Philipp Pushnyakov, Moscow Institute of Physics and Technologies (MIPT).

Our solution

Our solution consists of two main steps -- preprocessing and training. We will discuss each of these steps below.


For each 30s mp3 file we first transform it into a timeseries using 22050 sampling rate. Next for this timeseries we perform STFT (short time fourier transformation) on each three-seconds clip with a 1.5 seconds overlap. Thus in total we get 19 STFTs for each mp3 file and the corresponding class label is assigned to all of them.

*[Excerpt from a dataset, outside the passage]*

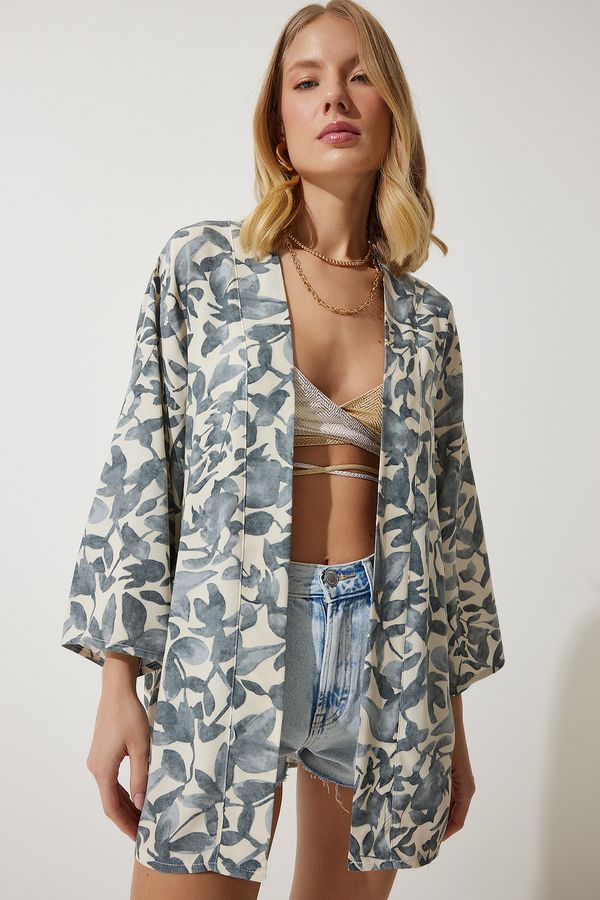 Happiness İstanbul Happiness İstanbul Women's Gray Bone Patterned Viscose Kimono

We used Keras framework to train our neural network. Below you can find its architecture in functional API.

inputs = Input(shape=input_shape)

x = BatchNormalization()(inputs)
x = Conv2D(256, kernel_size=(4, cols), activation='relu', input_shape=input_shape)(x)
shortcut = x
x = Conv2D(256, kernel_size=(4, 1), activation='relu', padding='same')(x)
x = Conv2D(256, kernel_size=(4, 1), activation='relu', padding='same')(x)

x = Conv2D(256, kernel_size=(4, 1), activation='relu', padding='same')(x)
x = Conv2D(256, kernel_size=(4, 1), activation='relu', padding='same')(x)

x1 = AveragePooling2D(pool_size=(125, 1))(keras.layers.concatenate([x, shortcut]))
x2 = MaxPooling2D(pool_size=(125, 1))(keras.layers.concatenate([x, shortcut]))

x = Dropout(0.2)(keras.layers.concatenate([x1, x2]))
x = Flatten()(x)
x = Dense(480, activation='relu')(x)
x = Dropout(0.2)(x)
x = Dense(240, activation='relu')(x)
x = Dropout(0.2)(x)

pred = Dense(num_classes, activation='softmax')(x)

We optimized categorical crossentropy using Adadelta with default parameters. For validation purposes we used accuracy.


Also we have tried to incorporate bidirectional LSTM into our model, but without success. You can find this failed layer below

z = MaxPooling2D(pool_size=(2, 1))(inputs)
z = Lambda(lambda y: K.squeeze(y, 3))(z)
z = Embedding(input_dim=200000, output_dim=128, input_length=100)(z)
z = Bidirectional(LSTM(256, return_sequences=False))(z)
z = Lambda(lambda y: K.reshape(y, (-1,1,1,512)))(z)


For each test point we carry out the same preprocessing as in the training step. The final probabilities are computed by averaging 19 predictions obtained on the track’s STFT data.